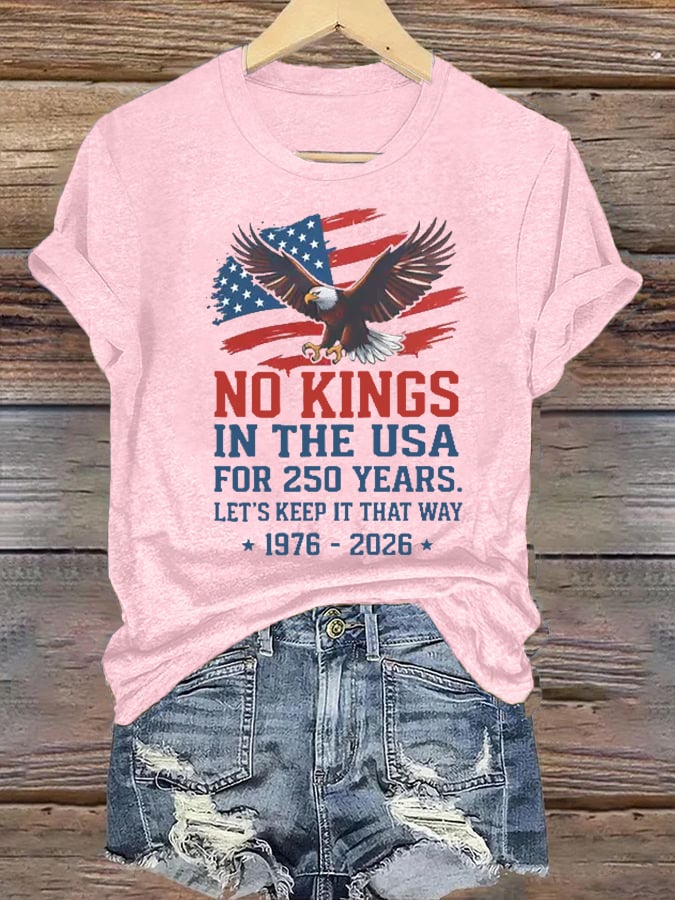 🔥Buy 3 Get 15% Off🔥Women's No Kings USA Patriotic Tee ,250 Years of Democracy printed T-shirt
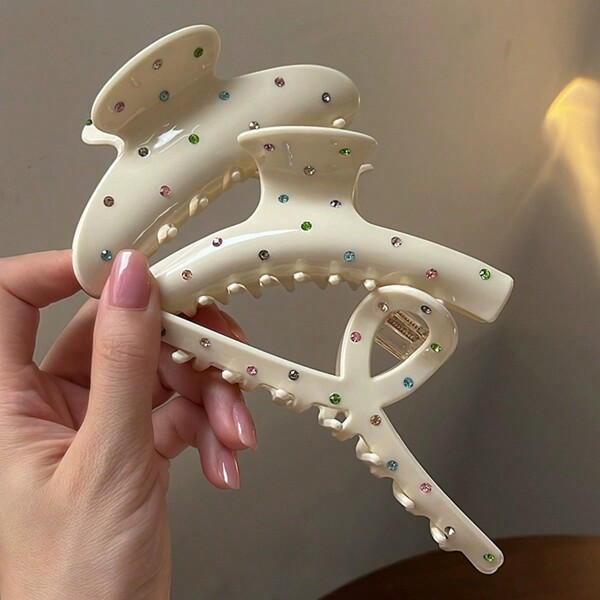 1 pièce Clip à cheveux élégant en strass coloré pour femmes, accessoire de cheveux mignon et doux pour un usage quotidien, convient pour l'été (couleur de strass aléatoire)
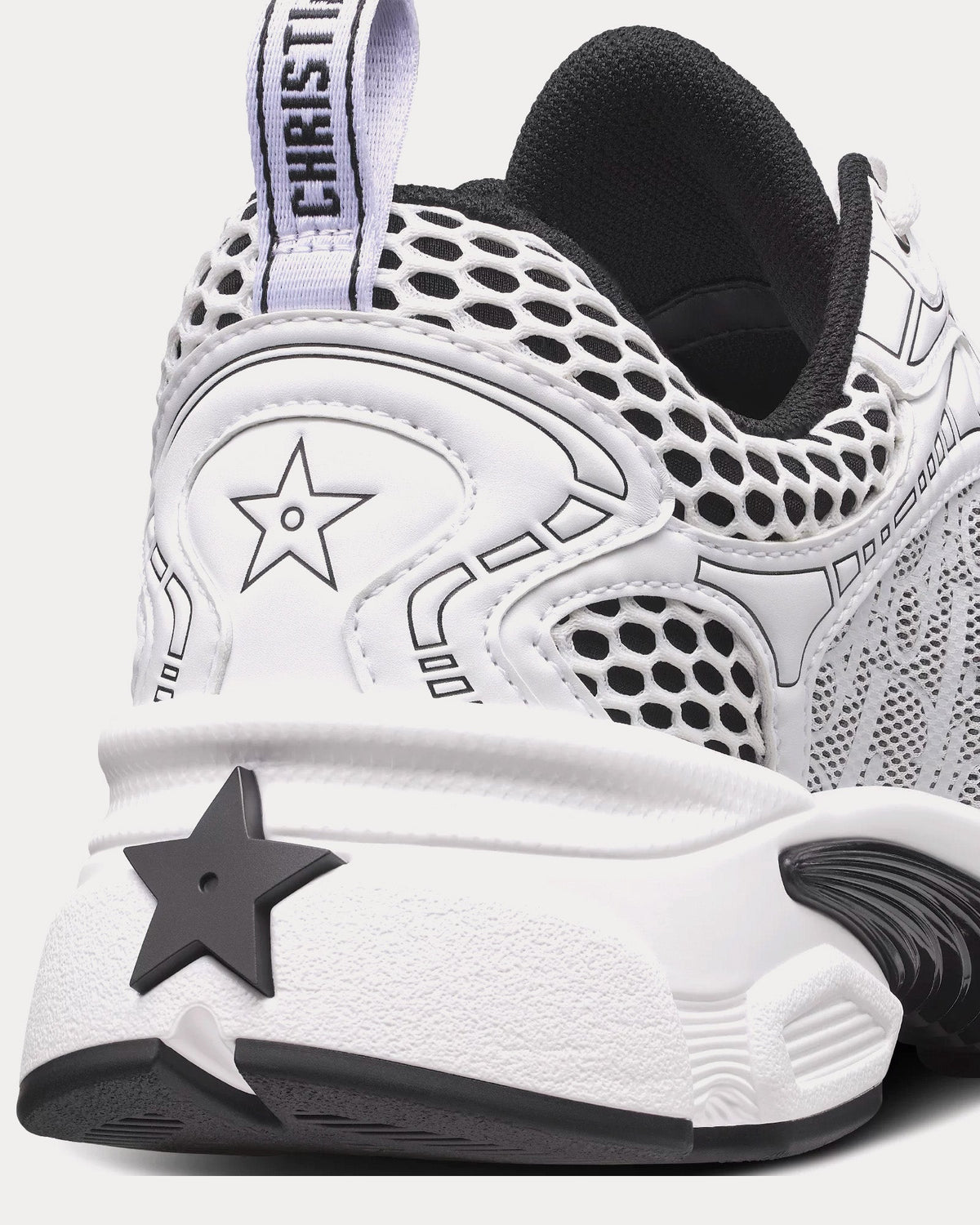 Dior Vibe White Mesh Printed with Dior Oblique Motif and White and Black Leather-Effect Panels Low Top Sneakers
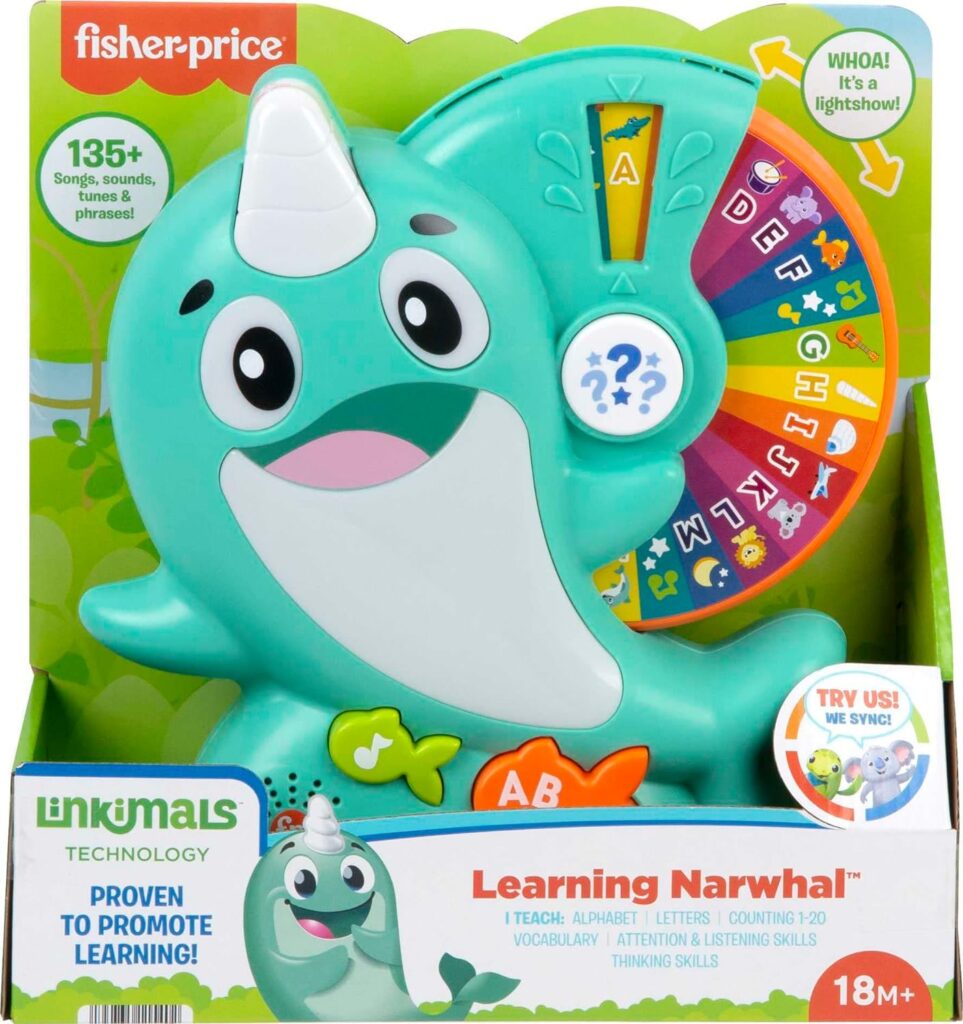 Fisher-Price Linkimals Toddler Toy Learning Narwhal with Interactive Lights Music  Educational Games for Ages 18+ Months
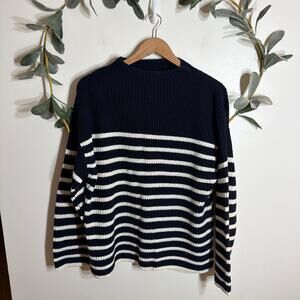 Rails Dark Blue and White Striped Sweater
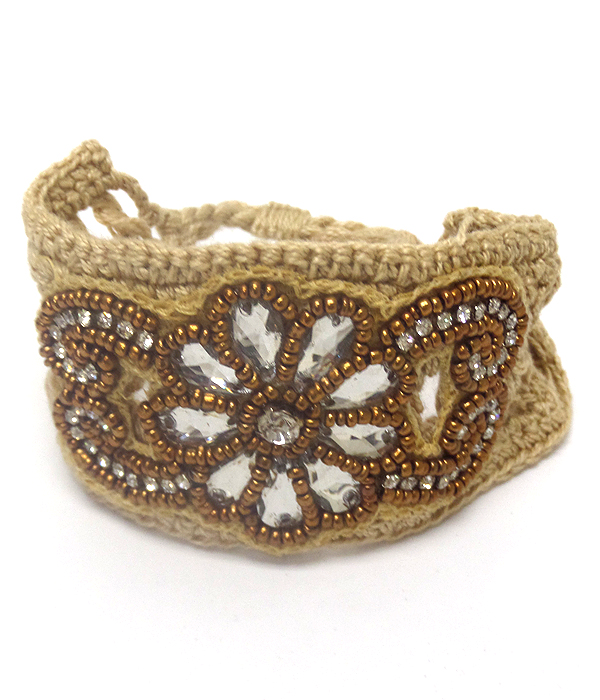 FLOWER LAYER SEEDBEADS PULL AND TIE KNITTED TYPE BRACELET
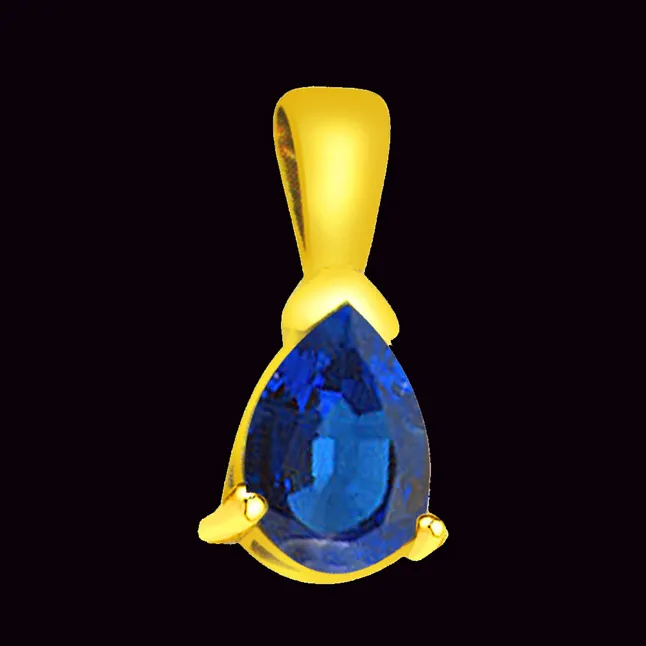 Blue Star - 1.00cts Real Blue Sapphire Gold Pendant (P526)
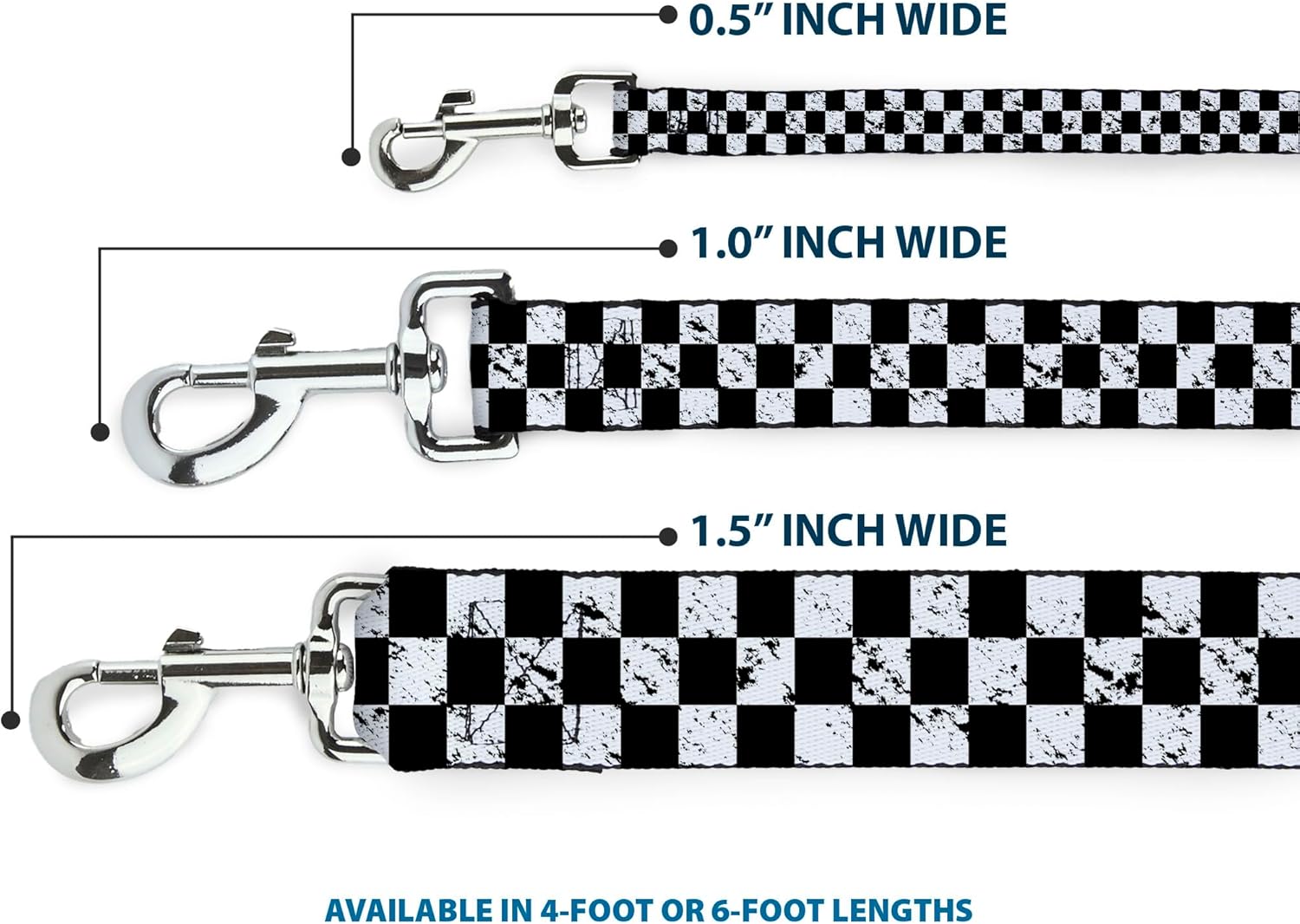 Buckle-Down Pet Leash - Checker Weathered2 Black/White - 6 Feet Long - 1" Wide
————
**About this task**: Give back exactly the lines from the top of the records to the line containing "Dior Vibe White", both included, and no pictures.

**Output of the exercise**:
 🔥Buy 3 Get 15% Off🔥Women's No Kings USA Patriotic Tee ,250 Years of Democracy printed T-shirt
 1 pièce Clip à cheveux élégant en strass coloré pour femmes, accessoire de cheveux mignon et doux pour un usage quotidien, convient pour l'été (couleur de strass aléatoire)
 Dior Vibe White Mesh Printed with Dior Oblique Motif and White and Black Leather-Effect Panels Low Top Sneakers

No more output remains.